Des émotions nature.

A maintes reprise, j’ai pu observer les émotions provoquées par certaines scènes de la nature. Qu’est-ce qui nous attire à ce point face à un phénomène tout à fait banal mais auquel nous n’assistons que par accident? Comment se peut-il que cela nous attire et nous émeuve à ce point?

Dernièrement, j’ai à nouveau vécu ce phénomène à deux reprises.

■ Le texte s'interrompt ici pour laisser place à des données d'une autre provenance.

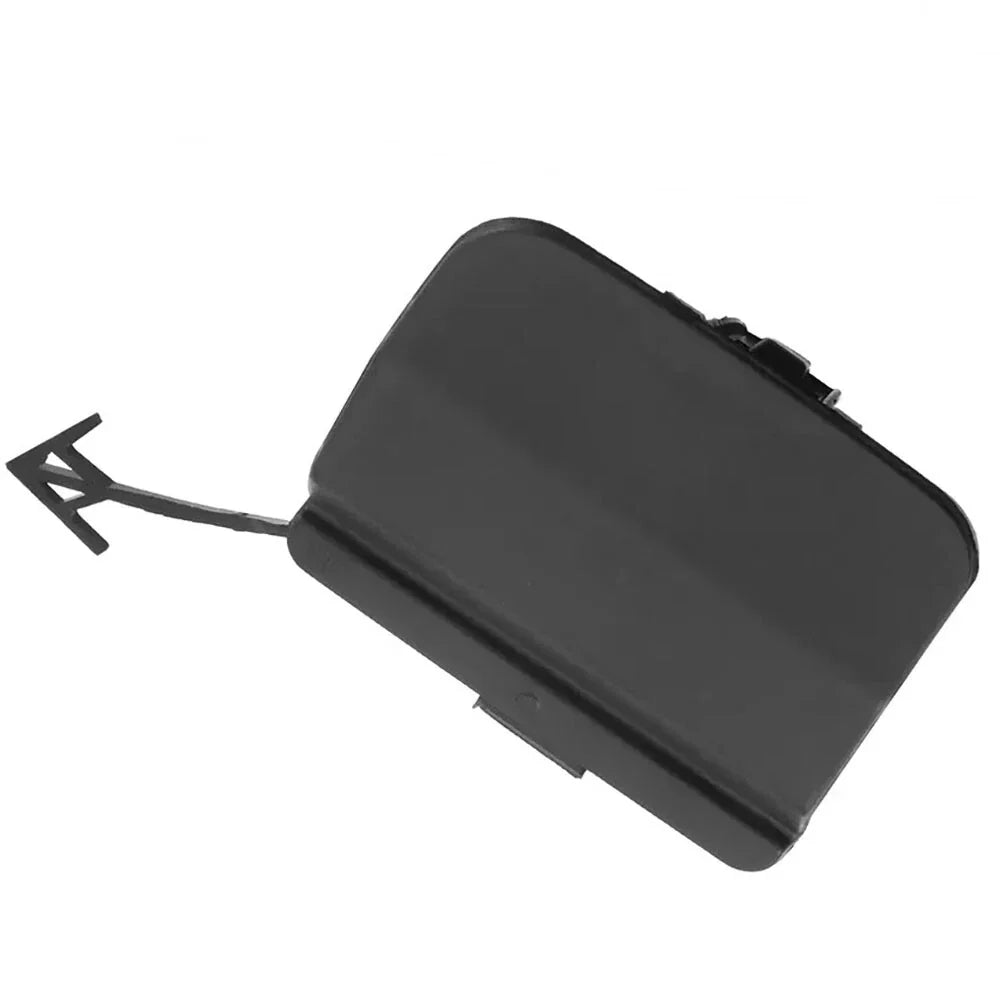 Rear Bumper Tow Hook Cover for Chevrolet Cruze (2009-2014)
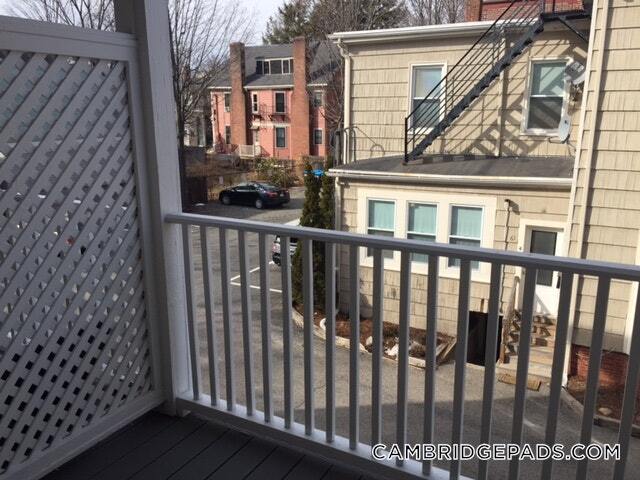 Building Photo - 65 Langdon St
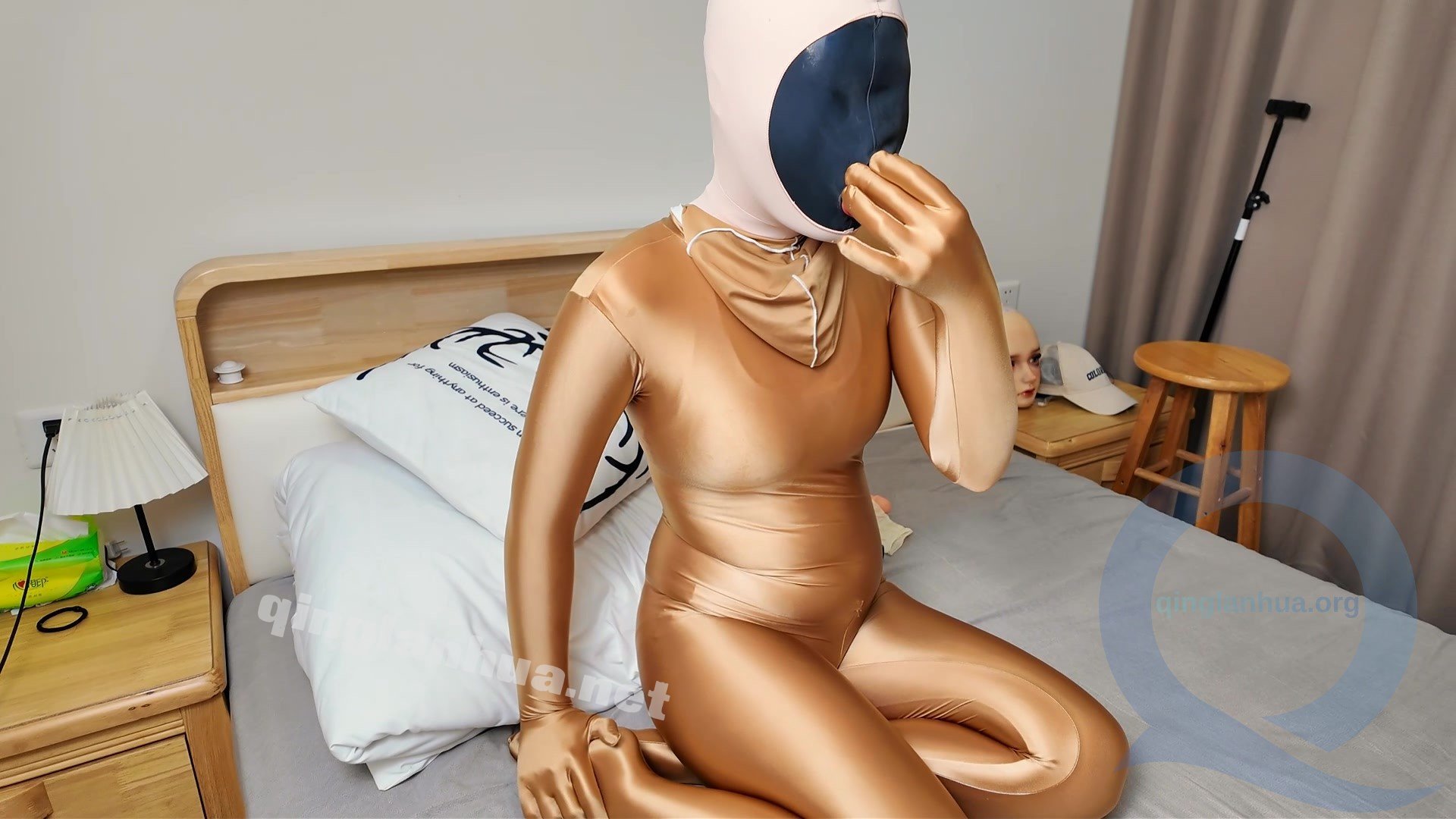50142----.0002.jpg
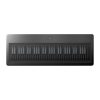 میدی کنترلر رولی ROLI Seaboard Grand Stage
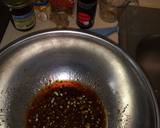 Sticky Asian Chicken recipe step 1 photo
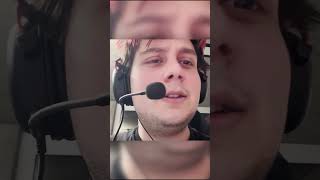 Bir Esporcu'nun Prac saatleri nasıl geçiyor ? #shorts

En octobre, lors d’une plongée et alors que nous n’étions pas sur un « spot » à dauphins, nous en avons croisé un. Qui se déplaçait lentement à nos côtés, comme pour nous jauger. Quelle émotion ! Nous étions tous enchantés en remontant sur le bateau et n’avons cessé d’en parler par la suite, comme d’un événement extraordinaire.

Alors que bon: un dauphin dans la mer, hein…

Les plongeurs sont toujours subjugués lorsqu’une bestiole semble s’intéresser à eux: nous avons soif d’interaction bienveillante, peut-être plus encore avec des êtres vivants différents de nous. C’est d’ailleurs ainsi que certains plongeurs, contre toute déontologie, se mettent à nourrir des bestioles, ce qui n’est pas sans poser problème.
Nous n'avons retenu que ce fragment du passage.